[Records from a dataset]
____________________
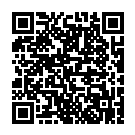 QR code for sharing / printing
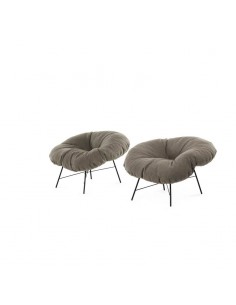 MOGG - POLTRONA CLOSER 2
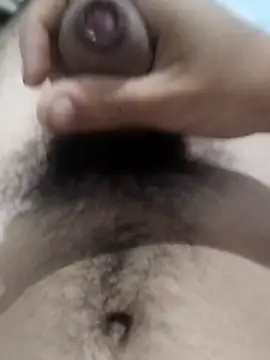 Вебкам-шоу kevinhostoso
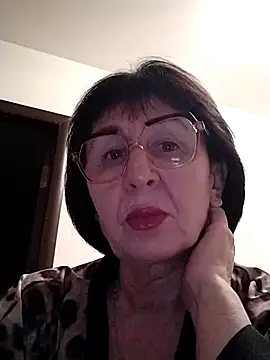 AlbinaXPretty online show from 02-27-25, 09:36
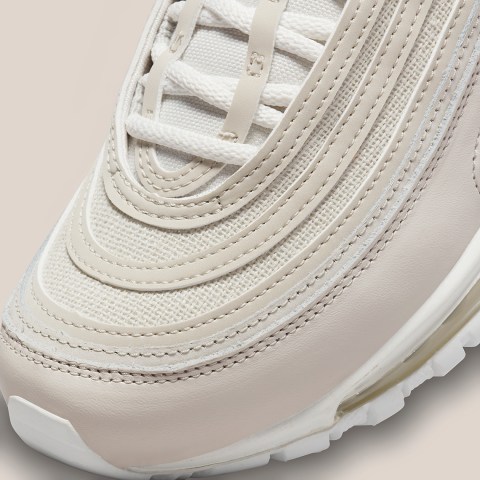 Nike Air Max 97 Tan White DJ9978-001 | SneakerNews.com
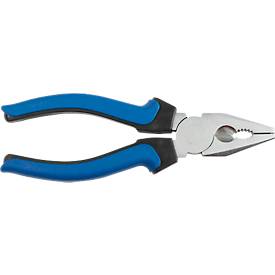 ADB Zangensatz, 4-teilig, Schaumstoff-Einlage, L 400 x B 190 x H 35 mm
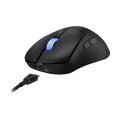 ASUS Maus Rog Keris Ii WL Ace BLK Gaming - Maus - Optisch
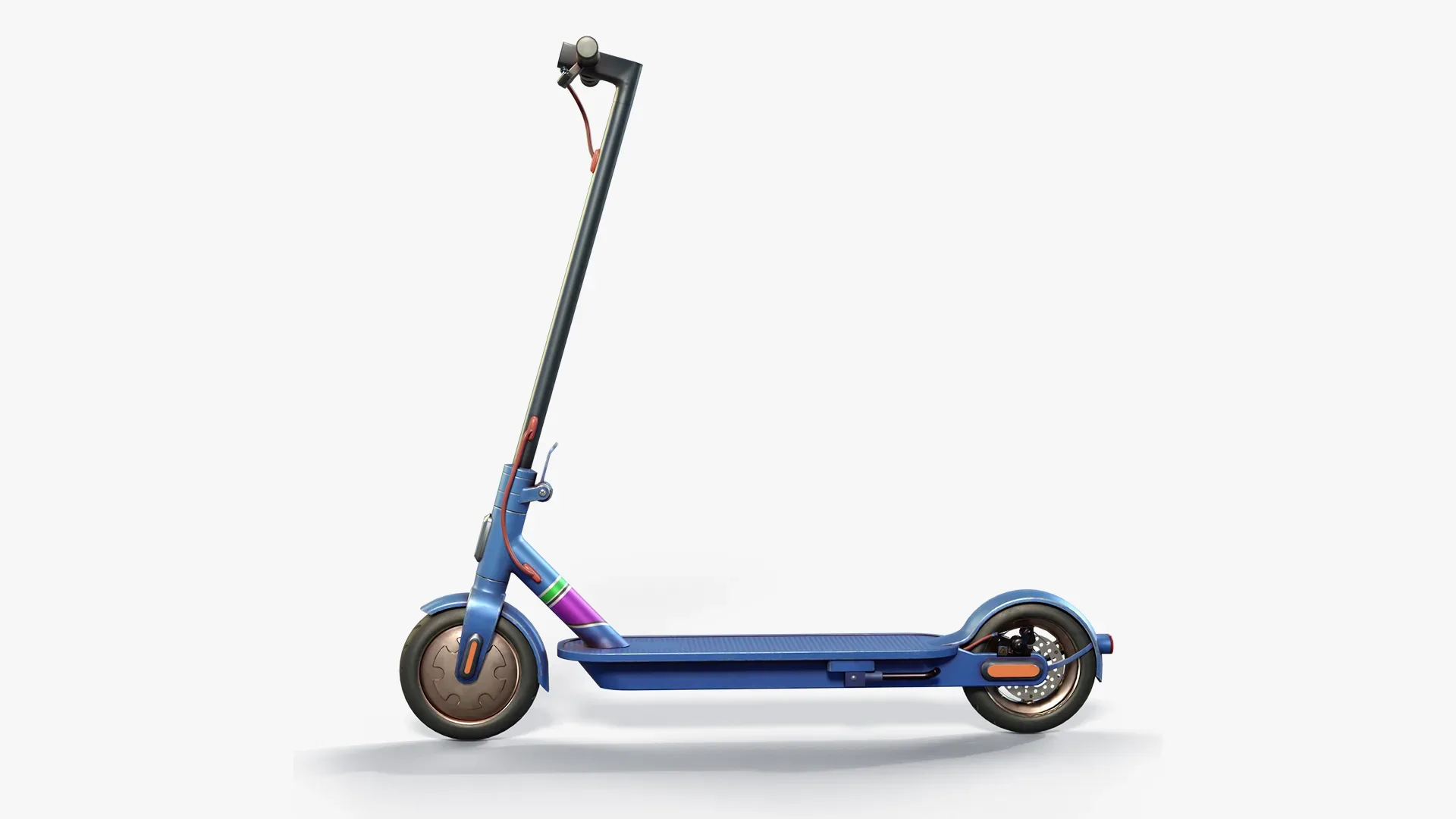 Kick Scooter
____________________
Each line above should be returned exactly as it stands, minus any pictures.

» **RESULT OF THE EXERCISE**
 QR code for sharing / printing
 MOGG - POLTRONA CLOSER 2
 Вебкам-шоу kevinhostoso
 AlbinaXPretty online show from 02-27-25, 09:36
 Nike Air Max 97 Tan White DJ9978-001 | SneakerNews.com
 ADB Zangensatz, 4-teilig, Schaumstoff-Einlage, L 400 x B 190 x H 35 mm
 ASUS Maus Rog Keris Ii WL Ace BLK Gaming - Maus - Optisch
 Kick Scooter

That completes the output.